The Faraway Mountains by Radu Guiasu gives an enlightening glimpse of life behind the Iron Curtain. The adventures of Alex, Dan, and Victor while hiking in the mountains are an experience for the reader. I loved how vivid Radu was with his descriptions of events and places. It helped the reader form a mental picture of what was happening. The flawless flow of the plotline kept me glued to the book. The Faraway Mountains is thought-provoking not only on communism as a system of governance but also on our responsibilities in society. I am looking forward to reading something else from Radu, perhaps the life of Alex in Canada or a possible reunion with his friends.

Jamie Michele

In The Faraway Mountains by Radu Guiasu, Alex, Victor, and Dan embark on a challenging mountain hike, facing storms and encountering a desolate village and wildlife. They find strength in camaraderie and discuss their future amidst dwindling supplies. They witness a golden eagle and stumble upon a military helicopter wreckage, and even see a ghostly apparition. Returning home, Alex contemplates his journey to Canada and the corruption under the communist regime of his home. Memories of destruction and his strong scientific ambitions shape his determination. Despite bureaucratic challenges, feral dogs, and police encounters, Alex remains focused on his goals, and for the first time feels his fading grandfather's embrace. Facing strict airport regulations and corruption, Alex and his friends triumph at a hotel bar, marking the beginning of his new life in Montreal.

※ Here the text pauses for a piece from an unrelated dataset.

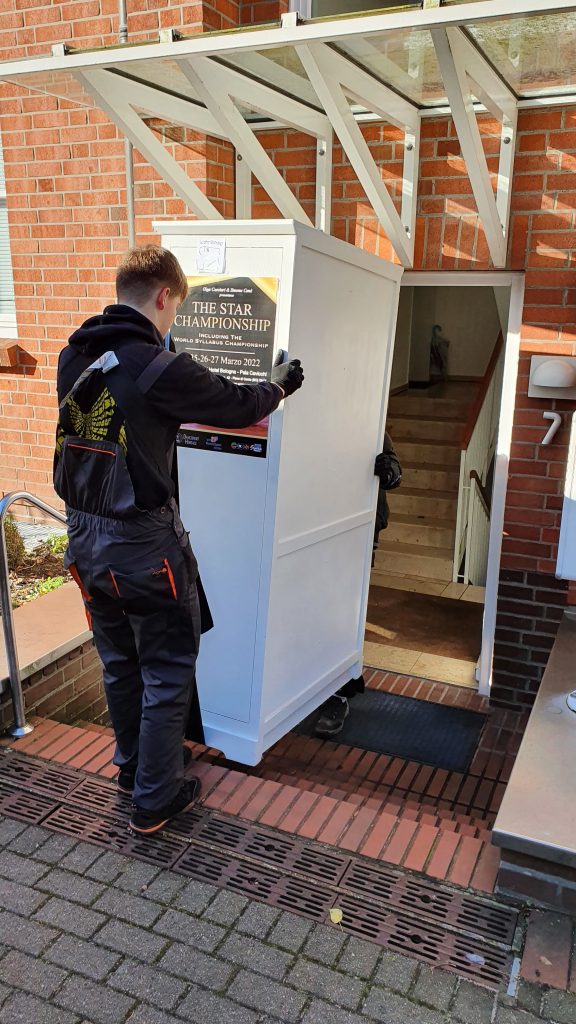 Mitarbeiter von Seniorenumzüge Lüneburg tragen einen Schrank aus einem Haus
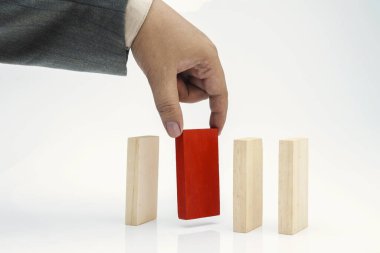 İş adamı, beyaz arka planda izole edilmiş kahverengi tahta bloklara kırmızı bir tahta blok koydu.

While Alex is the only character in The Faraway Mountains with a complete arc, the lives and past experiences of multiple point-of-view characters come into play. Each has their own hopes and regrets, and each has situations they are struggling through at that moment. Alex alone has a clear vision of the future but in order to achieve them, he will have to leave everything behind. This includes his possessions and, most difficult of all, the people he deeply cares for. Radu Guiasu has based the essence of this book on his life and from that perspective, it does change how I view it overall. From a literary standpoint, the writing is very simple. It is something of a series of vignettes that tie these people together in hardship and friendship, but we do know Alex is leaving from its near onset. And this is where the author's journey comes in because this then makes the book a legacy piece for his family, and I have no doubt they will treasure it for generations to come.

K.C. Finn

The Faraway Mountains is a work of fiction in the cultural issues, interpersonal drama, and adventure subgenres. It is best suited to the general adult reading audience and was penned by author Radu Cornel Guiasu. In this highly engaging novel which also takes on a biographical tone with regard to recent history, we follow the exploits of two perspectives on life from different angles. A young pianist in an urban population works toward his idea of freedom whilst three friends climb a mountain and encounter the dangers of the wilderness. Both perspectives show the struggles and tensions of life during Communism and the power of friendship to get us through such times.

Author Radu Cornel Guiasu has a lot to offer readers in this highly immersive tale of the search for freedom, identity, and meaning, and he puts a lot of his own personal experience, culture, and attitude into the poignancy which we find as the plot is gradually revealed. It’s a slow-burning tale that focuses on character development from the off, and I was delighted to get to know the cast of characters more intimately and see the pressures and struggles that each of them brings to the mix. The descriptive quality of the work is outstanding, from the rough urban street scenes to the depictions of wild storms, raging waters, fierce creatures, and the people stuck in the middle of it all, just trying to survive. Overall, I would not hesitate to recommend The Faraway Mountains as a must-read for fans of cultural, literary fiction that is heartfelt, original, and deeply engrossing.

Vlad Bina

The 1980s in North American popular culture bring up for many of us the films of John Hughes and the birth of MTV. In his latest novel, "The Faraway Mountains," Radu Guiasu presents an engaging time capsule for a different kind of 80s nostalgia.
The last decade of the Cold War was a surreal period in communist Romania. A North Korean-style nightmare had arrived unexpectedly after more than 15 years of relative liberalization when a fleeting glimpse of the post-war Western culture and values raised false hopes for a return to a free society.
The book describes this reality through the eyes of three senior students of one of the remaining elite high schools in Romania's capital city. The story is set in the beautiful Carpathian Mountains and in Bucharest, a city once called "The Little Paris," at the time dressed in the gray hues of the Eastern Bloc color spectrum. From Kundera to Havel, the communist era writers used humor as a powerful antidote to the surrounding desolation. "The Faraway Mountains" was written 34 years after the fall of the Berlin Wall, allowing humor to become a perfect "aide memoire" through classic jokes from that period, absurd situations, and an enchanting collection of descriptive vignettes that absorb and delight.
The prose is elegant and straightforward, the dialogues entertaining, and a message of hope amid confusion and insanity keeps the reader interested in finding the outcome of what seems to be a decisive year in the protagonists' lives.